Bivariable associations of the mother and offspring rs1535 genotypea with cord and child FA levels (% total FAs)

FAb   Cord plasma (n = 1916)
Child plasma 7 years (n = 2923)
Mother Offspring Mother Offspring
Omega-9
 Mead 20:3 0.001 (0.029) −0.516 (0.030)***
Omega-6
 LA 18:2 0.214 (0.037)** 0.058 (0.038) −0.003 (0.031) 0.172 (0.032)**
 GLA 18:3 0.070 (0.037) −0.016 (0.039) −0.017 (0.031) −0.369 (0.031)***
 EDA 20:2 0.195 (0.035)** 0.007 (0.036) −0.053 (0.031) 0.397 (0.032)***
 DGLA 20:3 0.284 (0.035)*** 0.391 (0.036)*** 0.009 (0.030) 0.406 (0.031)***
 AA 20:4 −0.085 (0.037)* −0.215 (0.039)** −0.023 (0.028) −0.622 (0.029)***
 DTA 22:4 −0.065 (0.038) −0.141 (0.039)* −0.023 (0.031) −0.238 (0.032)***
 BDPA 22:5 −0.029 (0.037) −0.129 (0.039)* −0.022 (0.031) −0.162 (0.032)**
Omega-3
 ALA 18:3 0.021 (0.035) 0.088 (0.036)* −0.008 (0.031) 0.120 (0.032)*
 EPA 20:5 −0.022 (0.037) −0.029 (0.039) −0.018 (0.030) −0.335 (0.030)***
 DPA 22:5 −0.010 (0.037) 0.004 (0.039) −0.051 (0.030) −0.277 (0.031)***
 DHA 22:6 −0.085 (0.038)* −0.083 (0.039)* −0.022 (0.031) −0.189 (0.031)**

aAssociations are reported as regression coefficient per copy of the minor G allele (SE) and significance. All FAs were standardized to have a variance of one.

bFor a description of the FA abbreviations, see Figure 1.

*P< 0.05, **P< 0.00001, ***P< 10−9 (minima 2.7 × 10−26 and 5.9 × 10−95 for cord and 7-year data sets, respectively).

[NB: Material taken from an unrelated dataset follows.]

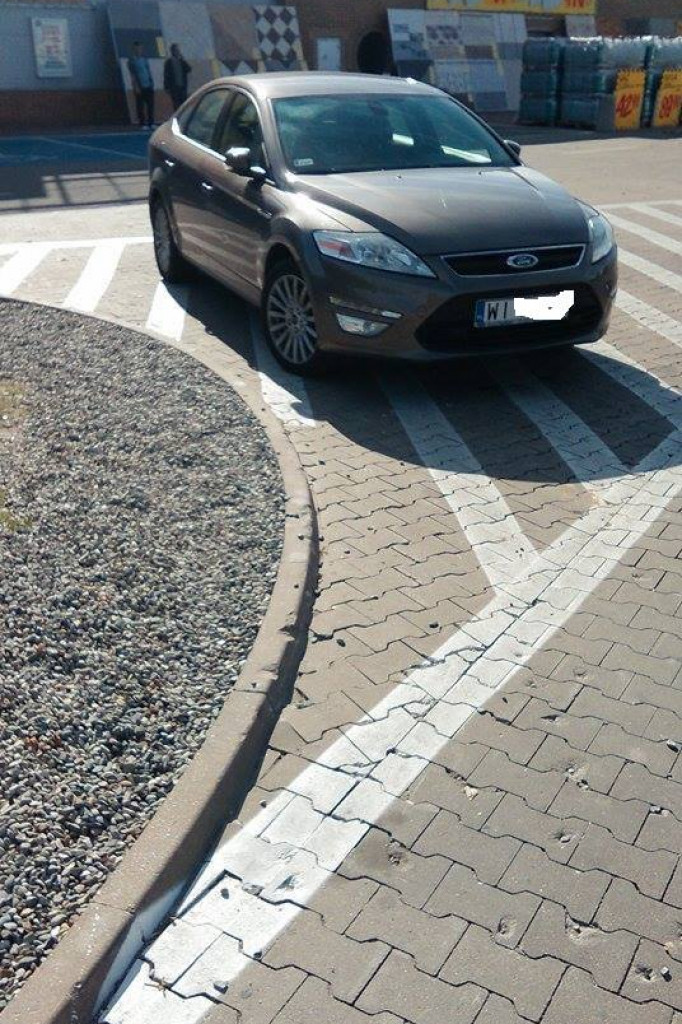 Zamość: Mistrzowie parkowania w obiektywie [FOTO]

For the maternal data, minor alleles of the FADS2 polymorphisms were generally positively associated with omega-6 FAs with two or three double bonds and with omega-3 FAs with three or four double bonds (see Table 2 and Supplementary Material, Table S2). The associations were negative for the more highly unsaturated FAs. DALA (20:3n-3) and TALA (22:3n-3), which do not require the Δ-6 desaturase, had no association with these genetic variants. However, the equivalent omega-6 FAs, EDA (20:2n-6) and DDA (22:2n-6), had positive associations, perhaps reflecting a greater quantity of LA left un-metabolized enhancing metabolism to these FAs via elongation. The variant rs1535 had consistently stronger associations than rs174575. This was most pronounced for the omega-6 FAs such as LA and EDA where the effect sizes were 60% larger on average.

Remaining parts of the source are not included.